Page 1 of 1

[LOW:KNOWN ISSUE:1.0.11] mosGetParam bug or not ?

Posted: Thu Jul 06, 2006 12:35 am
by Trail
For the better part of the day i was struggling to find a scoring problem in my joomlaflashgames gamehall running on j1.0.10.

i finaly traced it back to mosGetParam wich has been changed about a month and a half ago.

--- quoting syntax from API ---
mixed mosGetParam ( array &$arr, string $name [, mixed $default [, int $mask ]] )

$arr
is the array that the parameter will be retrieved from.  This can be any array but the most commonly used ones are $_POST and $_GET.
$name
is the name of the parameter field to be retrieved.

$default
is the optional default value that will be returned if $name is not present in $arr.  This parameter is optional and if omitted will default to null.

$mask
is an optional parameter containing one or more of the following flags:

_MOS_ALLOWHTML
Do not strip HTML tags from the data.

_MOS_NOTRIM
Do not remove leading and trailing whitespace characters.

_MOS_ALLOWRAW
Do not filter the data.  Introduced in Joomla 1.0.
If omitted this parameter defaults to 0 (that is, data will be stripped of HTML tags and leading and trailing whitespace characters).
--- end quote api ---

What exactly is ment with FILTER in _MOS_ALLOWRAW ?

Lets say i POST a score '100.99'

When i use:
$score = mosGetParam( $_POST, 'score',0);
I get $score=100 , but i used to get the full 100.99

When i use
$score = mosGetParam( $_POST, 'score',0, _MOS_ALLOWRAW )
I finaly get my $score=100.99 back

Now it could be me but .99 is neither a leading nor a trailing whitespace and a very important piece of my data..

Is this a bug ??

~Trail.

Re: mosGetParam bug or not ?

Posted: Sun Jul 09, 2006 6:47 pm
by Jenny
Moving to the Quality and Testing 1.0x forum.

Re: mosGetParam bug or not ?

Posted: Sun Jul 09, 2006 7:16 pm
by friesengeist
Trail wrote: What exactly is ment with FILTER in _MOS_ALLOWRAW ?
Filter filters out all html tags and other stuff that might make your application vulnerable.
_MOS_ALLOWRAW (and for now also _MOS_ALLOWHTML) deactivate the filter.
Trail wrote: Lets say i POST a score '100.99'

When i use:
$score = mosGetParam( $_POST, 'score',0);
I get $score=100 , but i used to get the full 100.99
In 1.0.10, a new security measure was introduced: If the default value is numeric, the input value will be converted to integer.
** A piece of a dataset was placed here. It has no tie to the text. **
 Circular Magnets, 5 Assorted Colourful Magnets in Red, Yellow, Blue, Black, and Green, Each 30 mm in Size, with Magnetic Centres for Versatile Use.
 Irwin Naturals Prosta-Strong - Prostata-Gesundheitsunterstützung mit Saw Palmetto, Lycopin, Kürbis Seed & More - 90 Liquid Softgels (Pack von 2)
So you either need to specify _MOS_ALLOWRAW or set the default value to e.g. false (and then take care of the value you receive by yourself).
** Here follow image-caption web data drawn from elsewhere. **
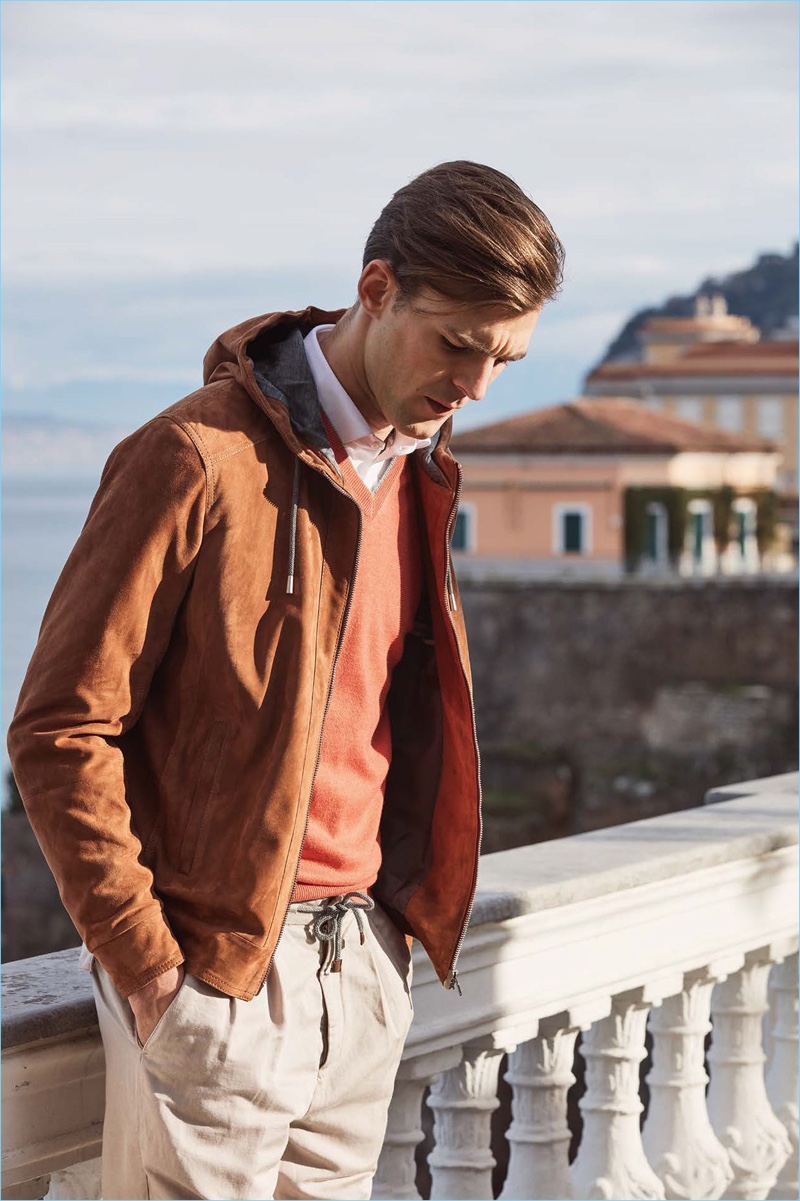 Embracing spring style, Patrick Kafka dons Brunello Cucinelli.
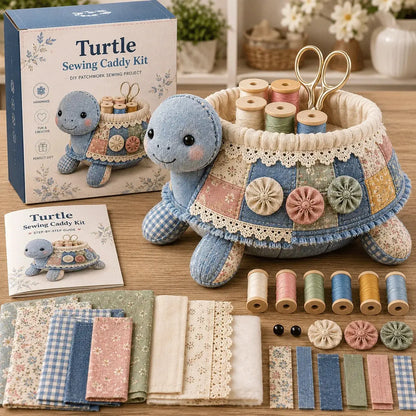 🧵 DIY sada na ušití patchworkového organizéru na šití s motivem zvířátek 🎨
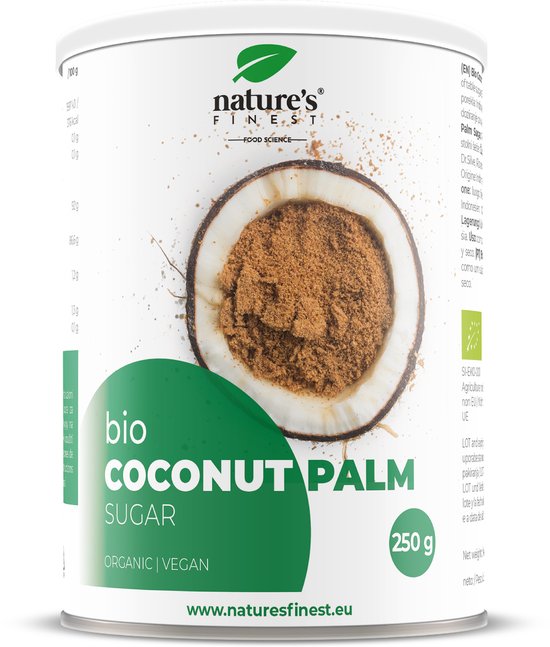 Sucre de palmier de coco bio Nature's Finest. Poudre fine et brune dans une boîte métallique blanche avec une image de demi-noix de coco remplie de sucre.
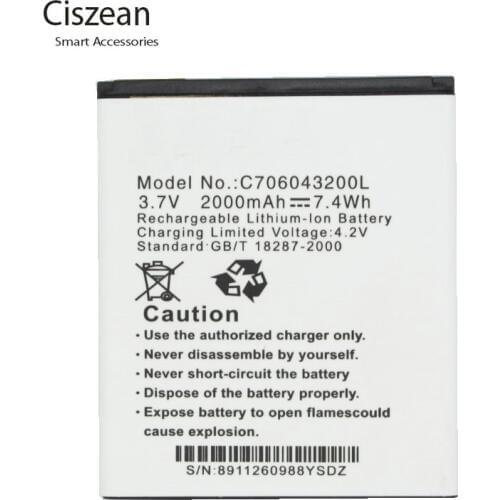 Ciszean 5x 3.7V 2000mAh Replacement Li-ion Battery C706043200L For BLU Studio 5.0 C HD L120 D534 D670U D670 batteries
Re: mosGetParam bug or not ?

Posted: Sun Jul 09, 2006 7:23 pm
by friesengeist
Since this is already in Q&T:
From looking at the code, I think there is a missing negation...

Is:

Code: Select all

if (empty($return) && is_numeric($def)) {
	// if value is defined and default value is numeric set variable type to integer
	$return = intval($return);
}
Should be:
if (!empty($return) && is_numeric($def)) {
// if value is defined and default value is numeric set variable type to integer
$return = intval($return);
}
Haven't tested though...

Re: mosGetParam bug or not ?

Posted: Tue Aug 01, 2006 4:21 pm
by rickrrr
Hi,

I have just run into this issue too, having just upgraded to 1.0.10.
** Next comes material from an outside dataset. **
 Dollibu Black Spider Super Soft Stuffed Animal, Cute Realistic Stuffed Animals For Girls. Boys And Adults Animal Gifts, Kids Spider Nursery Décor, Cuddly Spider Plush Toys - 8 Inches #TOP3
The question comes down to, why would you want to change a return value into an integer based on the default value being numeric?  That is simply making too big an assumption.

We use "0" for a default a lot for non integer values.  Fine, in some cases we could change our defaults to null or false, but in the case
of floating point values that does not make sense.

As previously indicated, if you have values like 100.99 and you want a default of "0.0" (a resonable return when you are expecting a floating point value), making the return value an integer based on the fact that the default "0.0" is numeric, is completely wrong. Turning off the filtering is not a reasonable solution either, I want the filtering, that's the point of using mosgetparam.

I suspect this is going to break a lot of web sites.
We have dozens of instances that are now returning garbage as far as we are concerned.  I hope this will be treated as a bug and fixed.

Re: mosGetParam bug or not ?

Posted: Tue Nov 14, 2006 1:52 pm
by Robin
Q&T Note; posting to Dev list, asking for status on this report since a possible bug was found by Enno.

Re: [LOW:UNDER REVIEW:1.0.11] mosGetParam bug or not ?

Posted: Tue Nov 14, 2006 6:16 pm
by Robin
Hi,

I have some feedback from the developers; although this can indeed be considered to be a bug, solving it will most likely break 3rd Party Extensions and we do not want to do this of course with the 1.0.12 being a stability release.

I'll therefor mark this as a known issue, and will move it to the corresponding forum.